Work task ▸
Extract exactly the lines from the top of the records through the line containing "blue_eyes cutie_mark equine", and keep pictures out of the copy.

Data to examine ▸
[Start of Attachment]

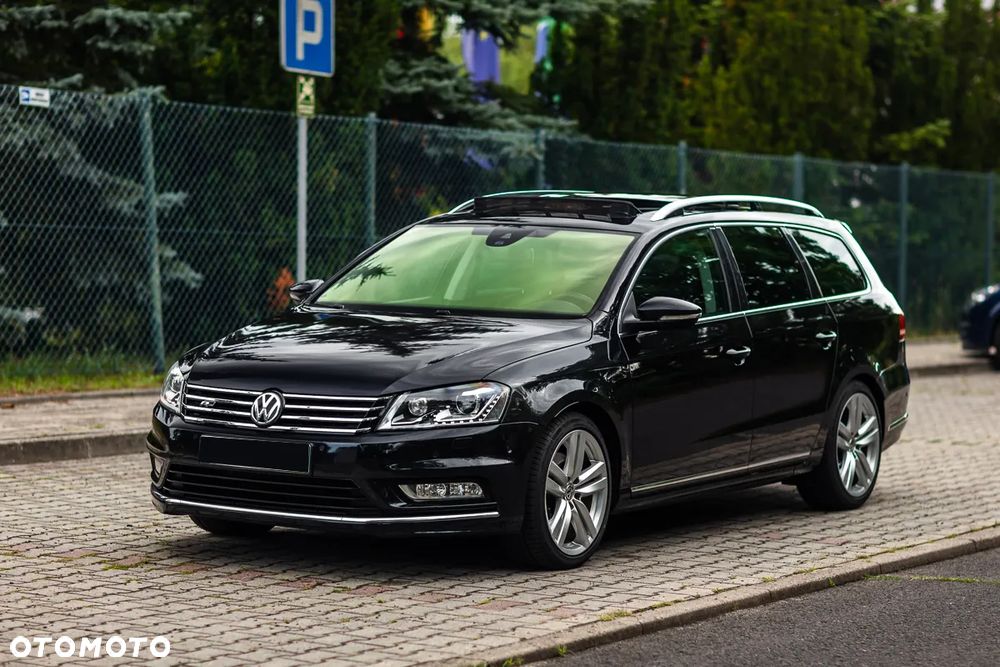 Volkswagen Passat 2.0 TDI 4Motion DSG BlueMotion Tech R-Line - 1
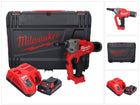 Milwaukee M18 ONEFPRT-301X nitownica akumulatorowa 18 V 20 kN bezszczotkowa + 1x akumulator 3,0 Ah + ładowarka + pudełko HD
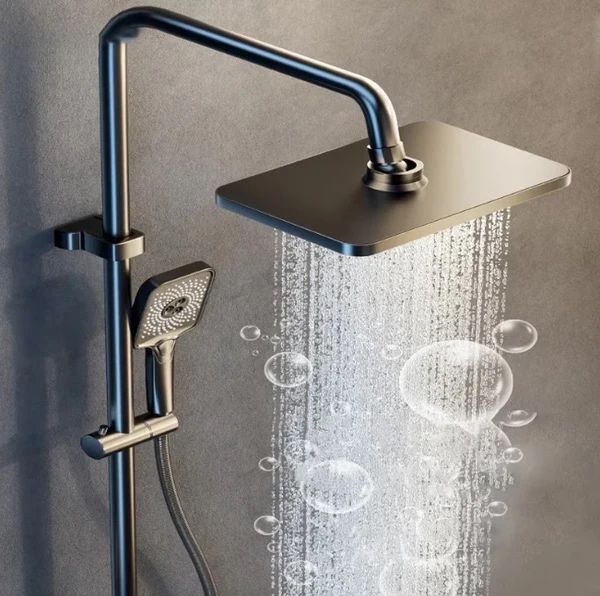 ***ПРОМОЦИЯ*** Душ система за баня със смесител и лед дисплей термо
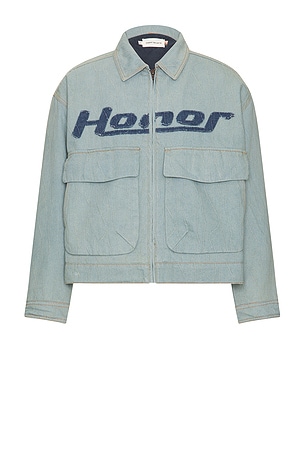 Frequency Denim Jacket Honor The Gift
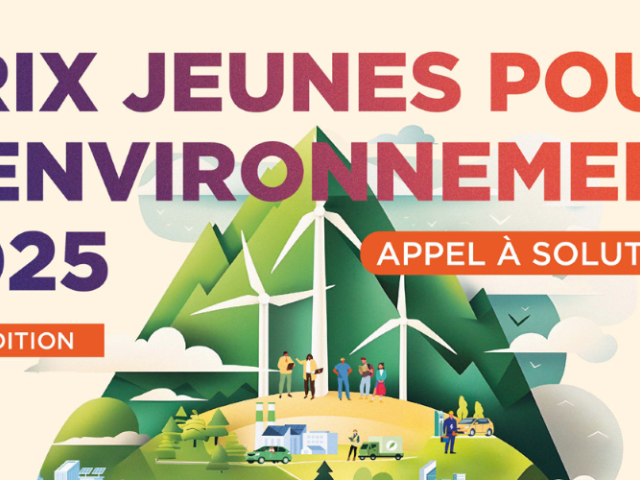 Visuel Prix jeunes pour l’environnement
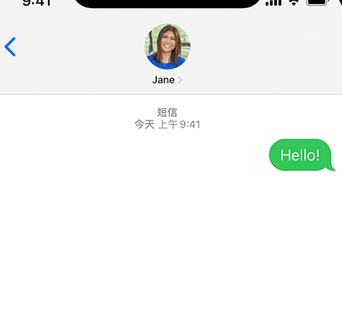 伊金霍洛apple维修iPhone上无法正常发送iMessage信息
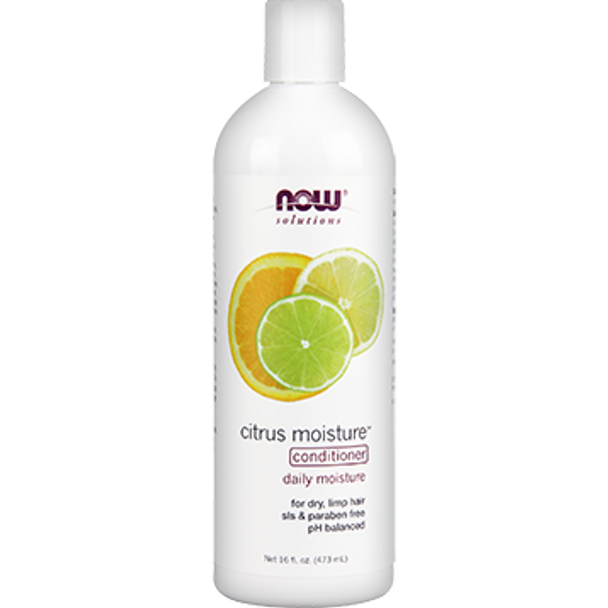 NOW Citrus Moisture Conditioner  16 fl oz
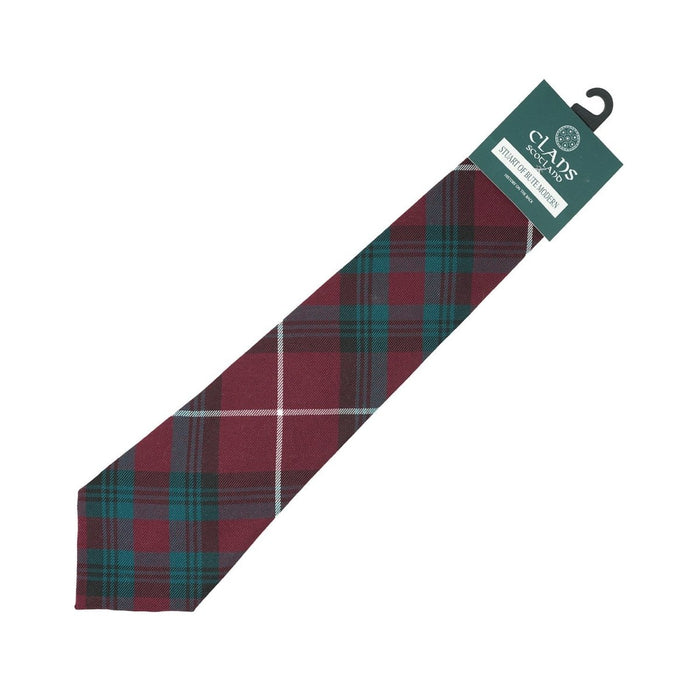 Clan Tartan Tie - Traditional Scottish Plaid Designs - Heritage Of Scotland - Stuart Of Bute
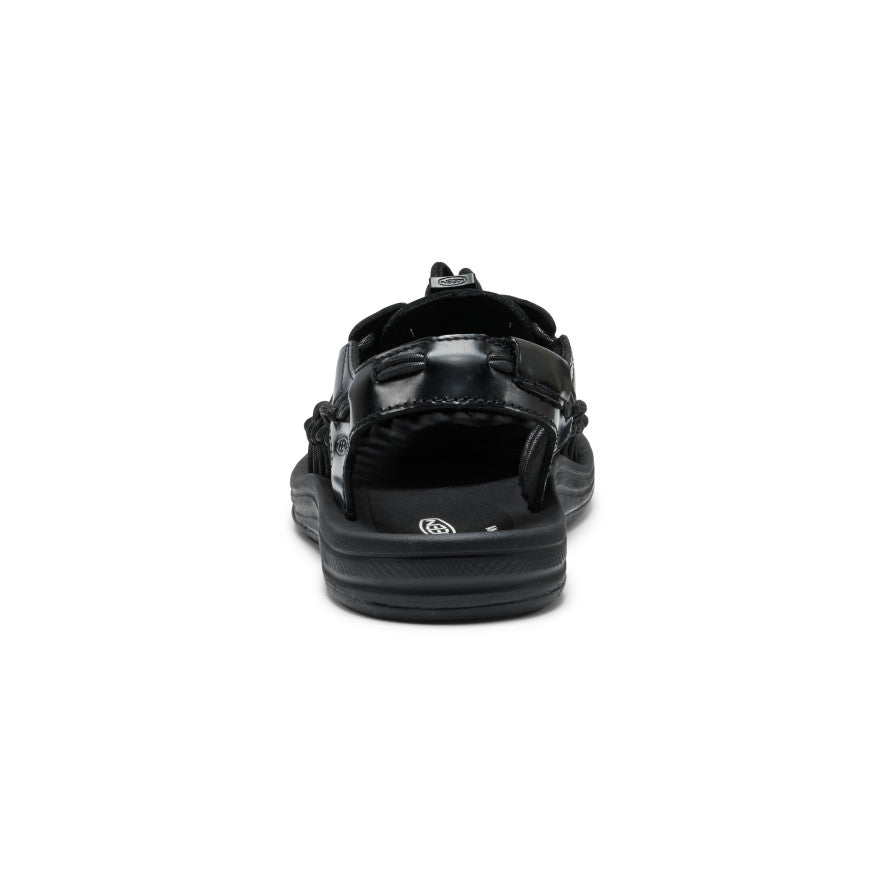 keen-uneek-leder-sneaker-unisex-perseid-black image 5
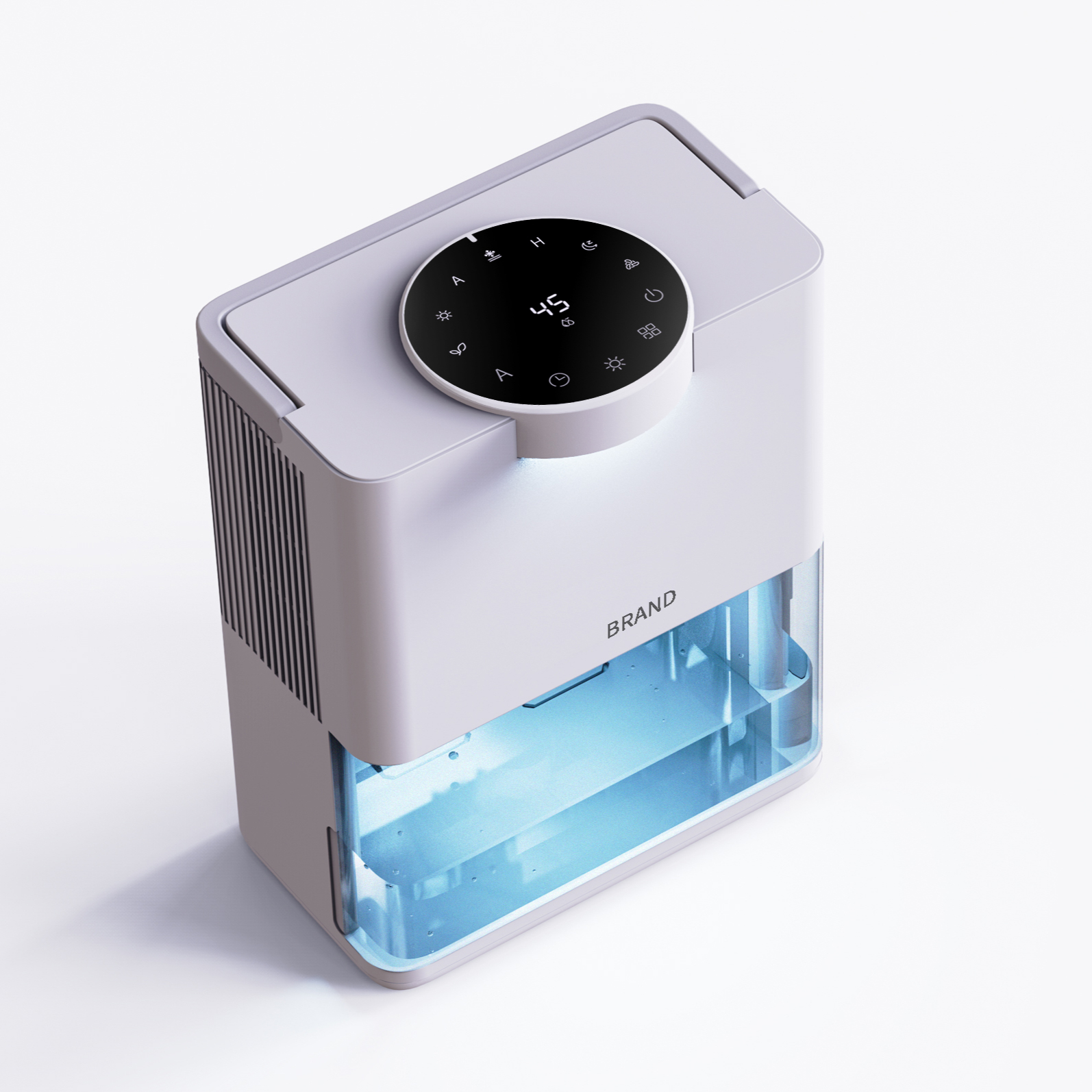 18v 3200ml Fashion Semiconductor Manufacturer Best Dehumidifier With Air Purifier Home Small 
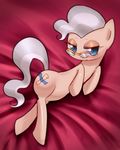  blue_eyes cutie_mark equine eyewear female friendship_is_magic glasses grey_hair hair horse invalid_tag mayor_mare_(mlp) my_little_pony pony solo suggestive sultry_pose unknown_artist 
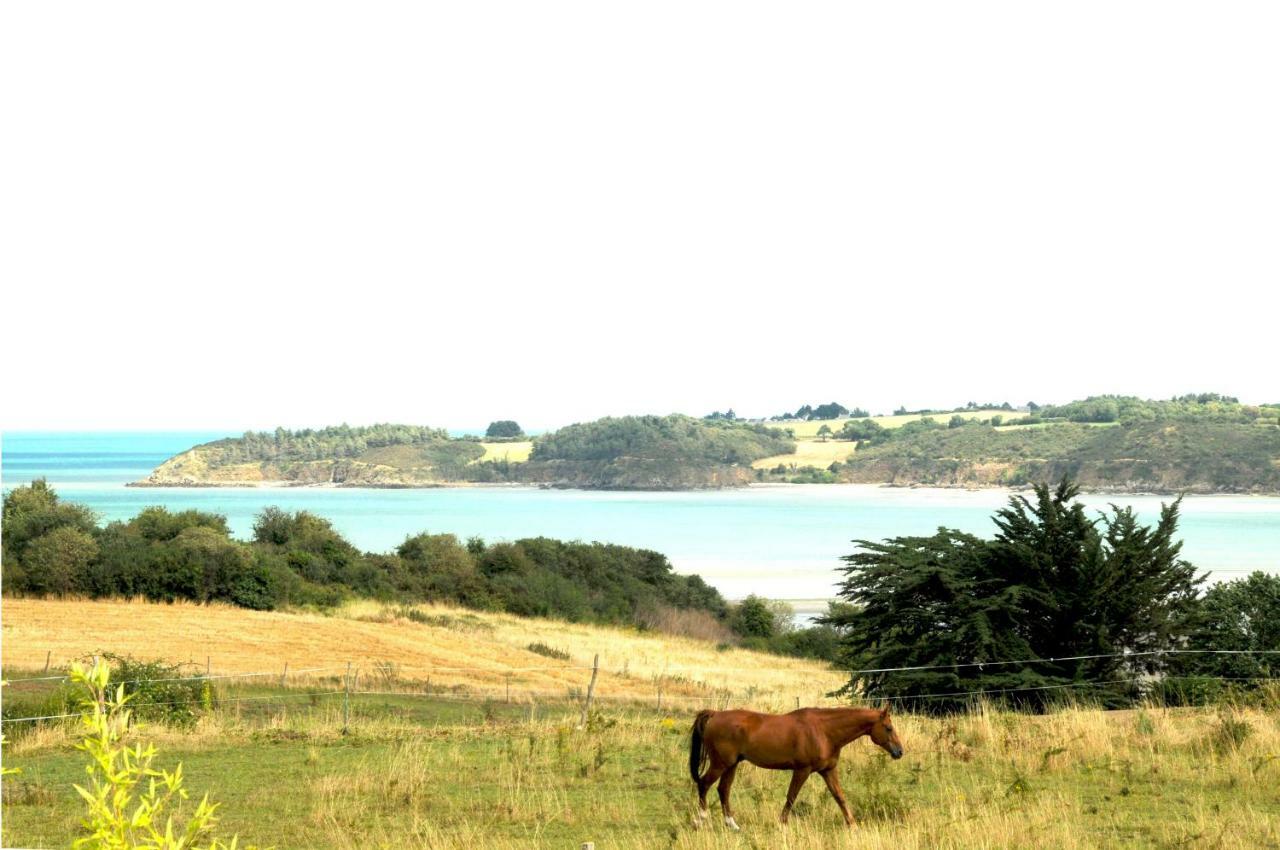 Le Ti'Nid - Gite De Charme - Vue Mer Langueux Exterior foto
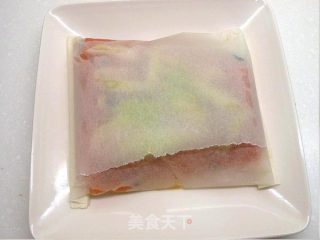 酒蒸鲑鱼 《纸包鱼片 2》的做法步骤：3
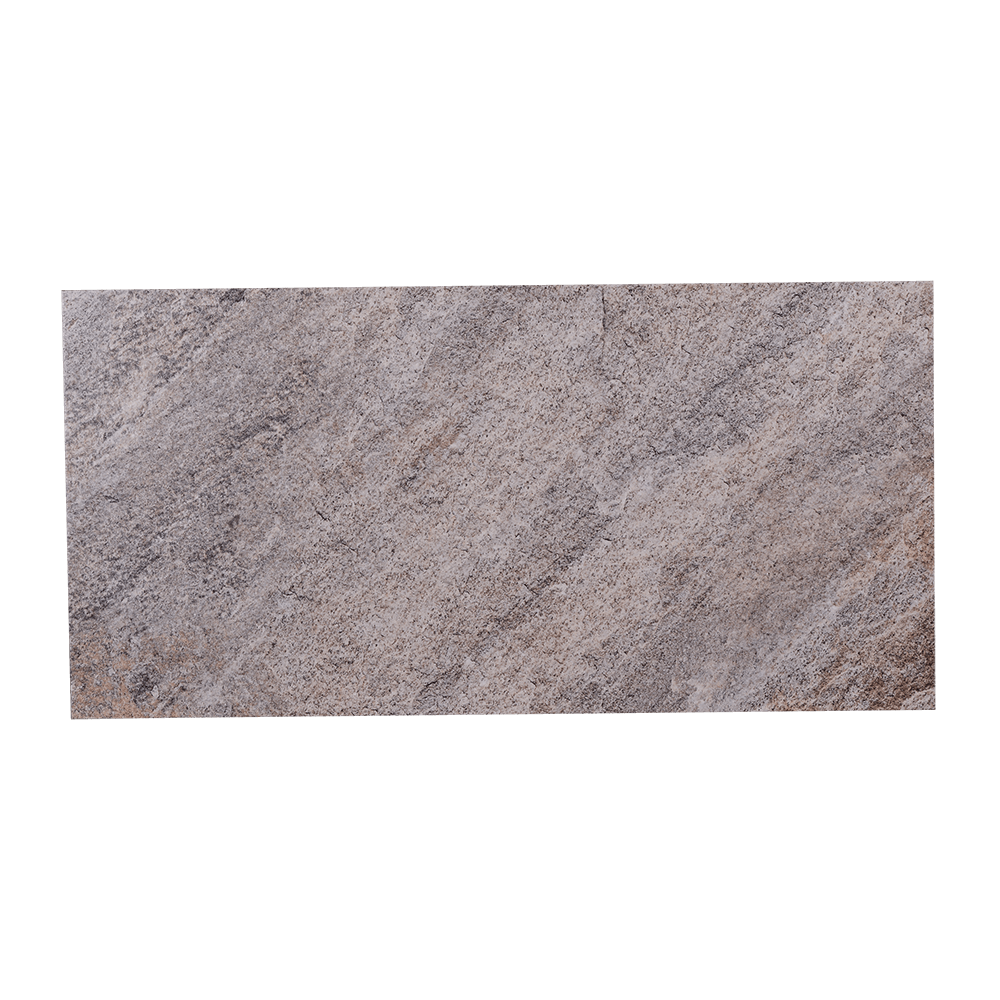 Gresie portelanata Quartzite 3, PEI 4, maro deschis, 60 x 30 cm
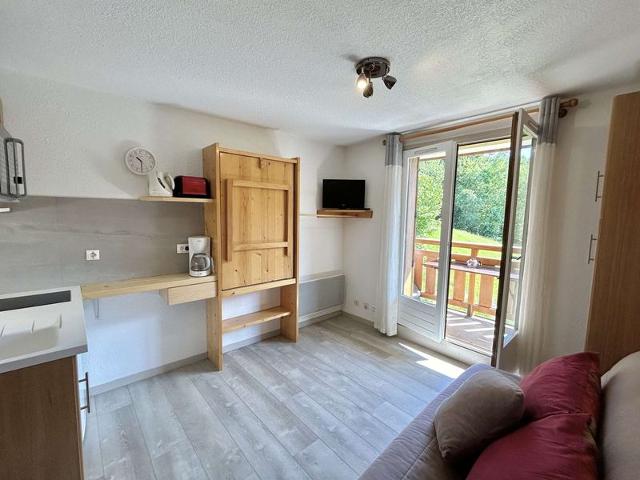 Studio cosy avec alcôve et parking, Demi-Quartier FR-1-597-110 - Megève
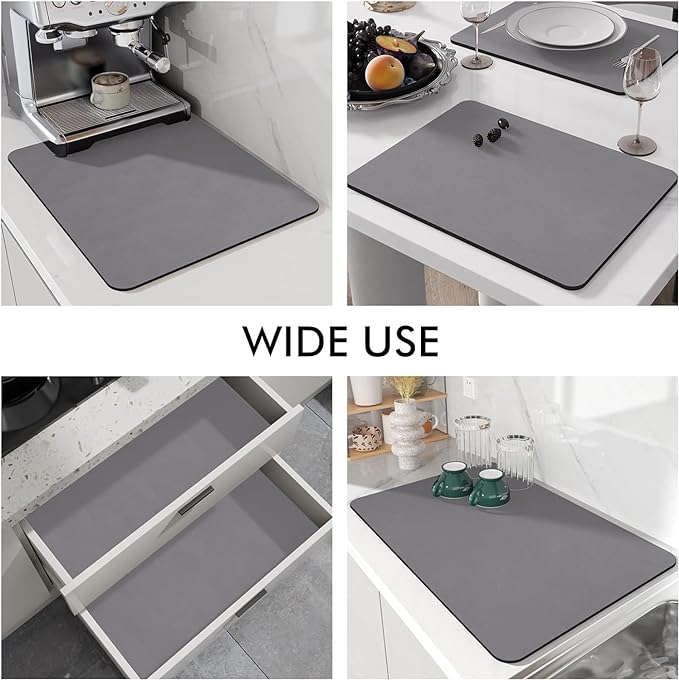 Kitchen Super Absorbent Draining Mat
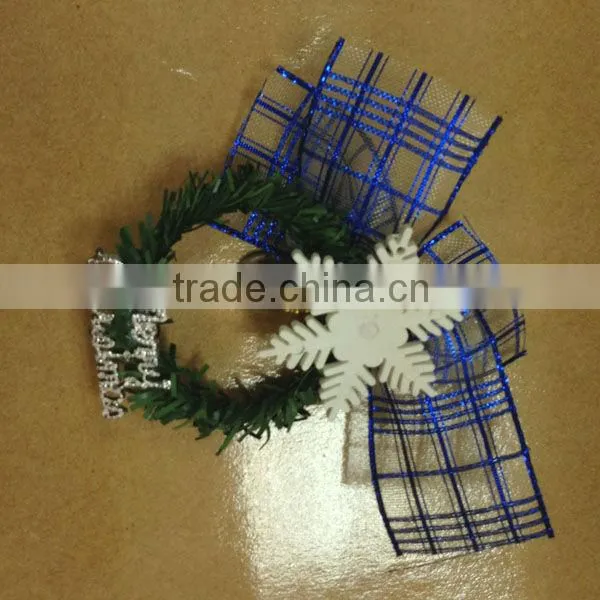 2013 plastic christmas tree cake decorating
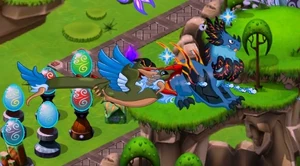 Jetstream Dragon Elemental Breath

[End of Attachment]

Solution to this problem ▸
 Volkswagen Passat 2.0 TDI 4Motion DSG BlueMotion Tech R-Line - 1
 Milwaukee M18 ONEFPRT-301X nitownica akumulatorowa 18 V 20 kN bezszczotkowa + 1x akumulator 3,0 Ah + ładowarka + pudełko HD
 ***ПРОМОЦИЯ*** Душ система за баня със смесител и лед дисплей термо
 Frequency Denim Jacket Honor The Gift
 Visuel Prix jeunes pour l’environnement
 伊金霍洛apple维修iPhone上无法正常发送iMessage信息
 NOW Citrus Moisture Conditioner  16 fl oz
 Clan Tartan Tie - Traditional Scottish Plaid Designs - Heritage Of Scotland - Stuart Of Bute
 keen-uneek-leder-sneaker-unisex-perseid-black image 5
 18v 3200ml Fashion Semiconductor Manufacturer Best Dehumidifier With Air Purifier Home Small 
  blue_eyes cutie_mark equine eyewear female friendship_is_magic glasses grey_hair hair horse invalid_tag mayor_mare_(mlp) my_little_pony pony solo suggestive sultry_pose unknown_artist 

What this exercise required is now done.